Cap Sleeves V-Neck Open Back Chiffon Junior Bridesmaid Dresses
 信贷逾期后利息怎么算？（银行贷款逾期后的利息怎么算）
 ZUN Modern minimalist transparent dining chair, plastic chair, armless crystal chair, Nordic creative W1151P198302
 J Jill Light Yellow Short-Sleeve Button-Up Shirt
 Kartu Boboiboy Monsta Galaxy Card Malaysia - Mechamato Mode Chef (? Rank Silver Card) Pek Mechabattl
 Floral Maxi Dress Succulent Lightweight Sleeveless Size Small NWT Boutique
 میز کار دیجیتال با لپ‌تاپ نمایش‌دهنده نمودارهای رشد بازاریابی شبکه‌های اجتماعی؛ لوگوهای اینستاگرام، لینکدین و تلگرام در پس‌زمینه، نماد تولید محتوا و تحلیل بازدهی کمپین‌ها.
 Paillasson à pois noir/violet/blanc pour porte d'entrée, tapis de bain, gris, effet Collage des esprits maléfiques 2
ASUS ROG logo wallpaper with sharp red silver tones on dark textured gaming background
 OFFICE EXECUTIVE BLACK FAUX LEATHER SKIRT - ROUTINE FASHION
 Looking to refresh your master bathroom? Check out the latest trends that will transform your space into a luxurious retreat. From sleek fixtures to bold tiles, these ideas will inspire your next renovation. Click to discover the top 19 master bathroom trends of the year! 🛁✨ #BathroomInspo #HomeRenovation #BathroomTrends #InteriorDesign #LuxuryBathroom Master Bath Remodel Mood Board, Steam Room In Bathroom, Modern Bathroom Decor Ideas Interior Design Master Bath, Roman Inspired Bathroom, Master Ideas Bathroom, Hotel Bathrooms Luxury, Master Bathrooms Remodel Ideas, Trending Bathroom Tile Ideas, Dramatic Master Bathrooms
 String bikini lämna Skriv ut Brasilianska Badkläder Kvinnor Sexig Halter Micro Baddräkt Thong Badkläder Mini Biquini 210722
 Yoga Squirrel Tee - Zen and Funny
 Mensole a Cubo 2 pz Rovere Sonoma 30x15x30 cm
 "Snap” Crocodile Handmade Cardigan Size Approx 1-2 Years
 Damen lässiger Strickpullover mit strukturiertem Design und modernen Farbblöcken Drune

▸ **WHAT IS BEING ASKED**: Exactly those lines that run from the start of the listing to the line containing "J Jill Light" should be output, and no others.

▸ **RESULT**:
Cap Sleeves V-Neck Open Back Chiffon Junior Bridesmaid Dresses
 信贷逾期后利息怎么算？（银行贷款逾期后的利息怎么算）
 ZUN Modern minimalist transparent dining chair, plastic chair, armless crystal chair, Nordic creative W1151P198302
 J Jill Light Yellow Short-Sleeve Button-Up Shirt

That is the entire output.